■ WORK ITEM: Please take the records that follow and repeat exactly the lines starting with the line with "Montre femme Tissot" and going on through the line with "Intermotor, Intermotor Ignition".

■ INPUT MATERIAL:
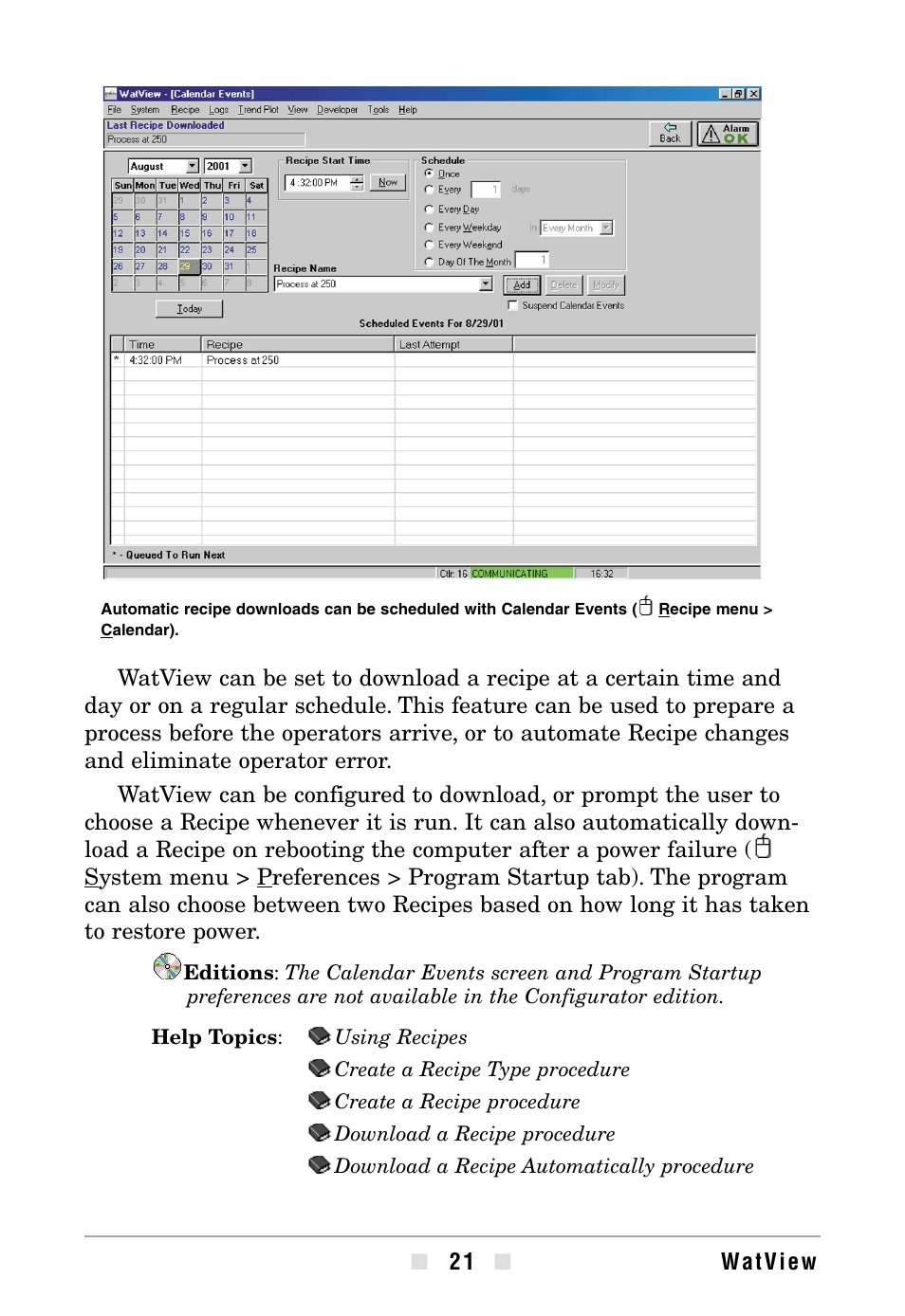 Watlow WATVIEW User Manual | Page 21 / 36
* * *
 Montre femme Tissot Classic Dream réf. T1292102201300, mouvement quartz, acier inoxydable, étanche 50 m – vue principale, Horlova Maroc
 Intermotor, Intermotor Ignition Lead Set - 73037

■ RESULT FOR THIS EXERCISE:
 Montre femme Tissot Classic Dream réf. T1292102201300, mouvement quartz, acier inoxydable, étanche 50 m – vue principale, Horlova Maroc
 Intermotor, Intermotor Ignition Lead Set - 73037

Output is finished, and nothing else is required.